Es ist ein ambitiöses Projekt. Bisher wird das Parlament indirekt besetzt, Vereinsdelegierte wählen Länderdelegierte in den Rat. Es gibt niemanden, der dieses Verfahren ernsthaft verteidigt.
Feller-Ryf spricht das Thema der Schweizer Clubs und Vereine direkt an, es ist der zweite Elefant im Raum. Diese sind am Schwinden und innerhalb der Vereine werden mit einer demokratischen Wahl Machtverluste befürchtet.
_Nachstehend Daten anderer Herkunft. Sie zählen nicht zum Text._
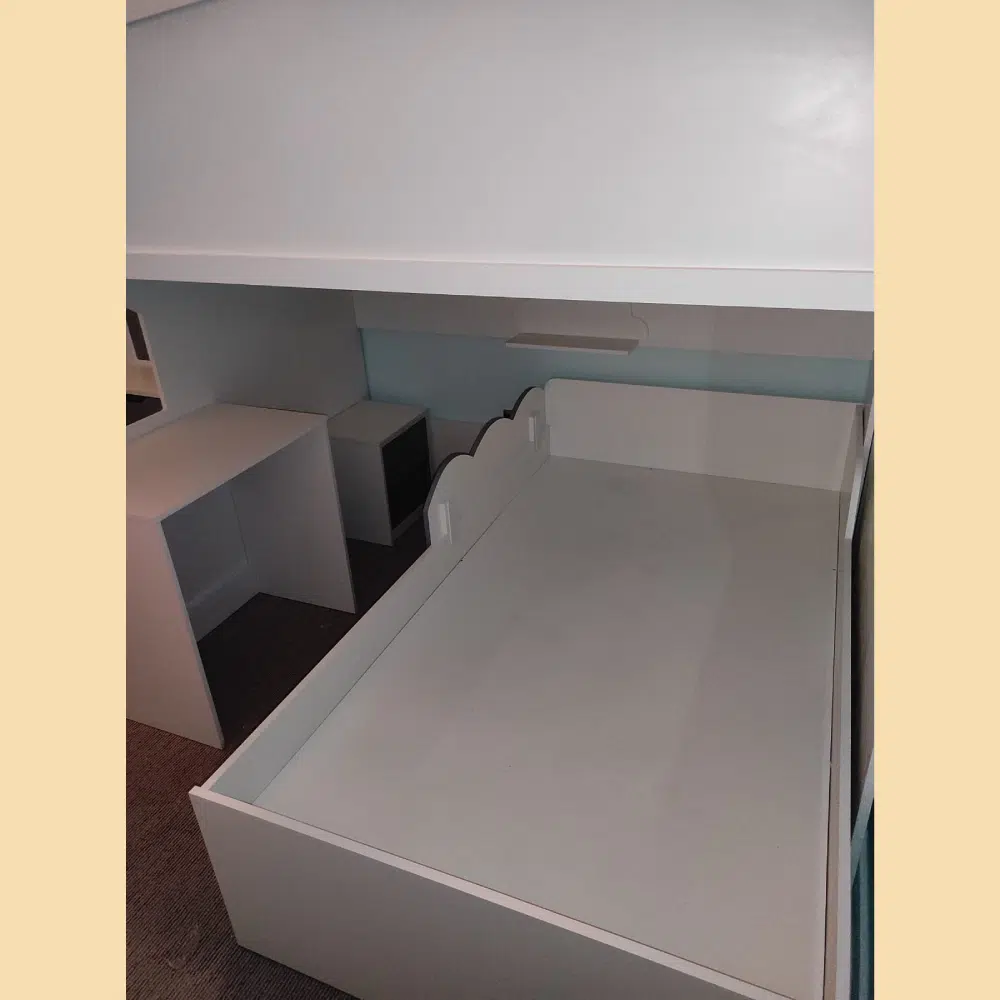 Camarote Gabriela - Imagen 2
Doch Feller-Ryf sieht auch Chancen: «Sie sind Bestandteil der direkten Wahl.»
«Wir repräsentieren die Schweiz im Ausland, sind jedoch kein Abbild vom demokratischen System, auf das wir doch in der Schweiz so stolz sind.»
Die Arbeitsgruppe, welche ein neues Wahlsystems etablieren will, «hat grosse Fortschritte gemacht», sagt Filippo Lombardi, der Präsident der Auslandschweizer-Organisation anerkennend. Tatsächlich liegen auf einigen Ebenen Resultate vor. Es gibt ein Wahltool, entwickelt an der Berner Fachhochschule. Damit fällt bei den Vereinen im Ausland weniger Arbeit an. Doch sie übernehmen eine wichtige Rolle bei den Wahlen. «Wir brauchen sie, um Kandidaten zu suchen.» Oder um die Wahl zu koordinieren, damit die Kandidat:innen in einem Land nicht alle aus der gleichen Gegend stammen, was auch keine demokratische Wahl wäre.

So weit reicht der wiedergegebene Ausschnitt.